*What is being asked*:
Repeat the data below exactly, dropping any pictures it holds.

*Supplied data*:
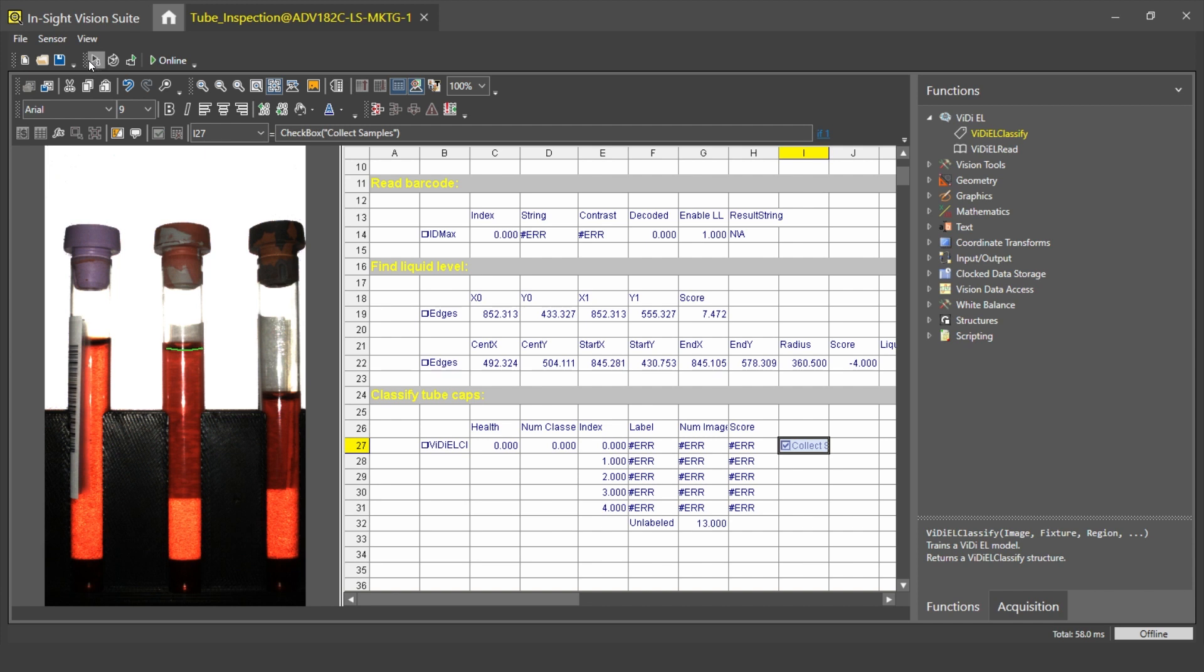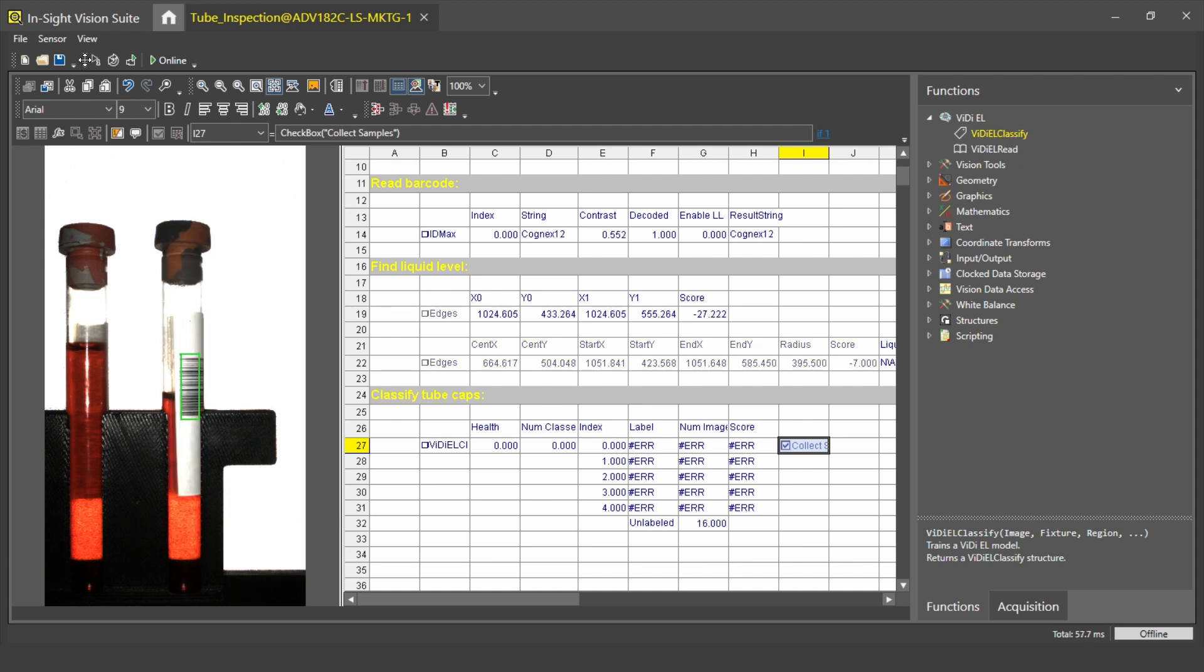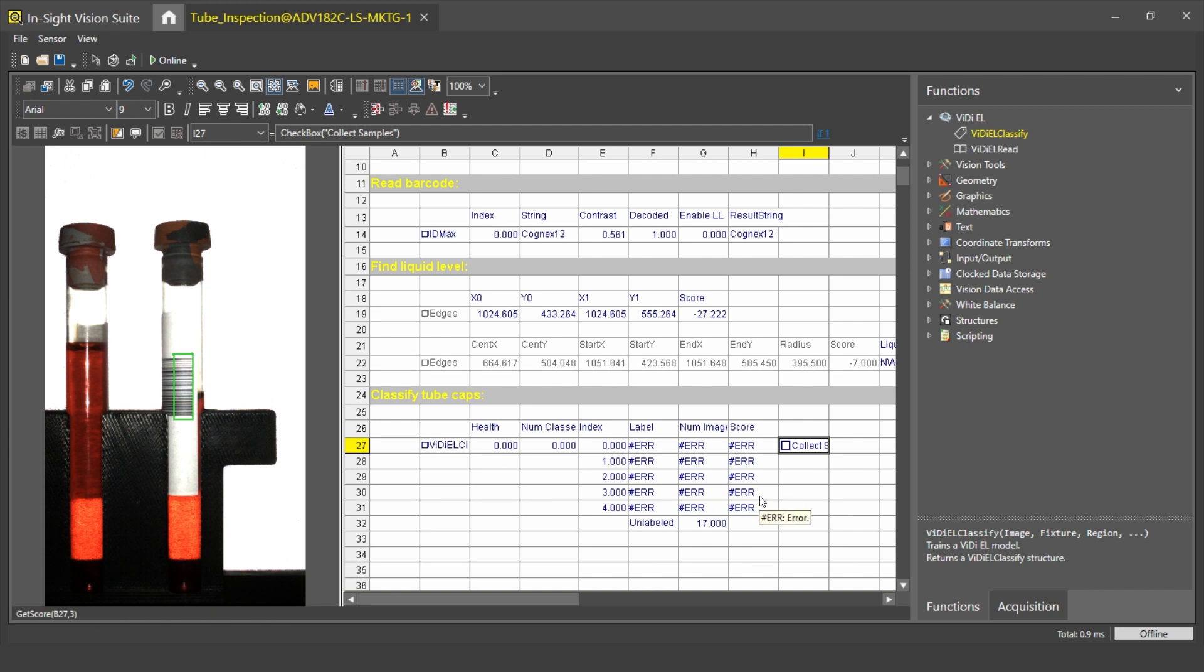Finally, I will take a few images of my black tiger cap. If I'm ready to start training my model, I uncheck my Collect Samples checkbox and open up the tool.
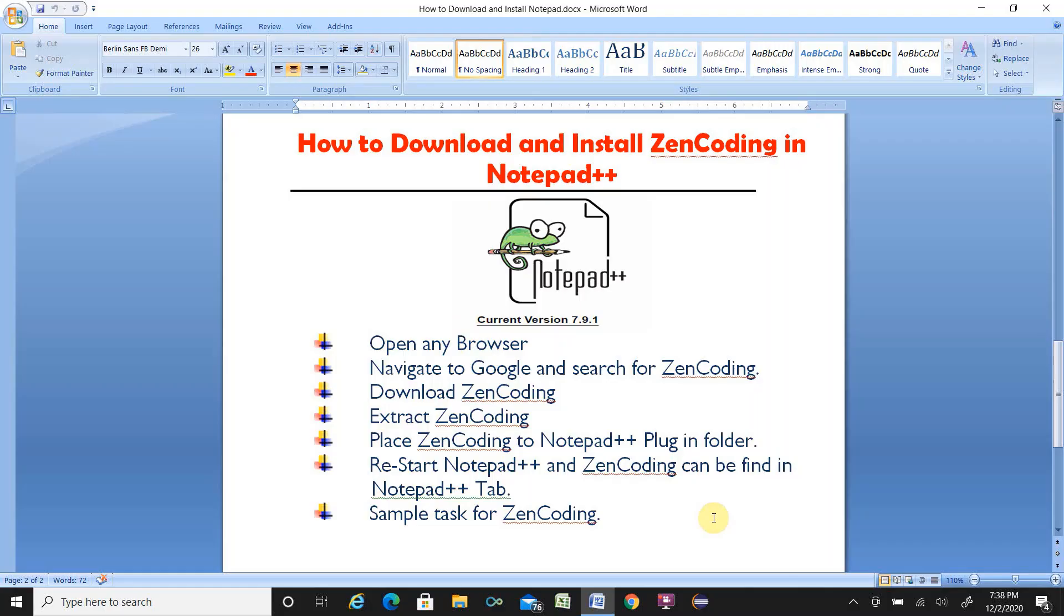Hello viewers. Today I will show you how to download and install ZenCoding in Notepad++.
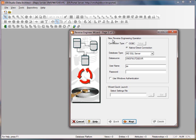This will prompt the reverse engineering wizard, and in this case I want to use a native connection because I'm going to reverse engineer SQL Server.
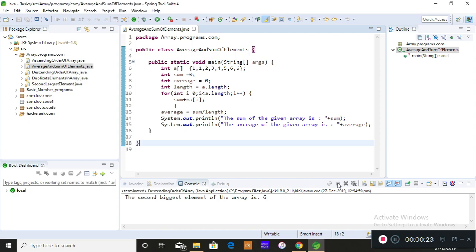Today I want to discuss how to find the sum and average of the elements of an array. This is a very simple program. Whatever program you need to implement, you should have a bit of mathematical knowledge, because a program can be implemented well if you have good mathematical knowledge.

*Task output*:
Finally, I will take a few images of my black tiger cap. If I'm ready to start training my model, I uncheck my Collect Samples checkbox and open up the tool.
Hello viewers. Today I will show you how to download and install ZenCoding in Notepad++.
This will prompt the reverse engineering wizard, and in this case I want to use a native connection because I'm going to reverse engineer SQL Server.
Today I want to discuss how to find the sum and average of the elements of an array. This is a very simple program. Whatever program you need to implement, you should have a bit of mathematical knowledge, because a program can be implemented well if you have good mathematical knowledge.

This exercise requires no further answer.